Lebwohl often heard patients say they suspected they consumed gluten in restaurants, even though the foods they ate were labeled gluten-free.

When he learned that the maker of the portable Nima Gluten Sensor had a stash of data submitted by restaurant patrons who were using the device to test foods they suspected, Lebwohl asked if he could use the information in a study.

The company provided what it had: 5,624 food tests performed by 804 users over an 18-month period. When the researchers analyzed the data, they found that 32% of tests revealed gluten contamination in dishes believed to be gluten-free.

Gluten-free pasta samples were positive for protein in 50.8% of tests, while gluten-free pizzas were found to contain gluten in 53.2% of tests. Gluten was detected in 27.2% of breakfasts, 29% of lunches and 34% of dinners.
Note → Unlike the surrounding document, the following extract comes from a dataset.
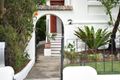 Property photo of 14 Mount Street Arncliffe NSW 2205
Lebwohl admits that there are a lot of limitations to the dataset. “People tested what they wanted to test,” he said. “And the users chose which results to upload to the business. Perhaps they downloaded the results that surprised them the most. So our results do not mean that 32 percent of food is unsafe. “

In addition, says Lebwohl, the Nima is very sensitive. To be labeled gluten-free in the United States, a product must contain less than 20 parts per million (ppm). But the device can detect levels as low as 5-10 ppm, which “most people wouldn’t consider clinically significant.” Thus, it is possible that a food contains less than 20 ppm and still indicates the presence of gluten.

The Nima gluten detector, which retails for around $ 229 and uses disposable $ 6 test strip capsules, displays a wheat symbol when it detects gluten and a smiley face when it does not, note the authors. He can upload the results to the company via a smartphone application.

Lebwohl suspects that gluten-free foods are inadvertently contaminated. “If a gluten-free pizza is put in an oven with a pizza containing gluten, aerosol particles could come in contact with the gluten-free pizza,” he said. “And it’s possible that cooking gluten-free pasta in a pot of water that had just been used for pasta containing gluten could lead to contamination.”

The solution, Lebwhol said, could be better education for food preparers.

About 1% of Americans have celiac disease, Lebwohl said. The amount of gluten needed to cause intestinal damage in these patients is minimal, he added. “It would be barely visible, like tiny crumbs of bread,” he explained.

While data limitations mean that it’s not possible to determine what percentage of restaurant foods labeled gluten-free actually contain protein, “it’s interesting to know that so many foods labeled as gluten-free don’t. not, ”said Therezia Alchoufete, a clinical dietitian at the Digestive Disorders Center at the University of Pittsburgh Medical Center.

“It’s definitely a consideration for anyone with celiac disease who tries to eat outside of the home. At home, they know they are preparing foods that are free from any elements containing gluten. The problem goes beyond gluten, Alchoufete said. “This could apply to anyone sensitive to a certain ingredient.”

THE SOURCE: American Journal of Gastroenterology, online March 26, 2019.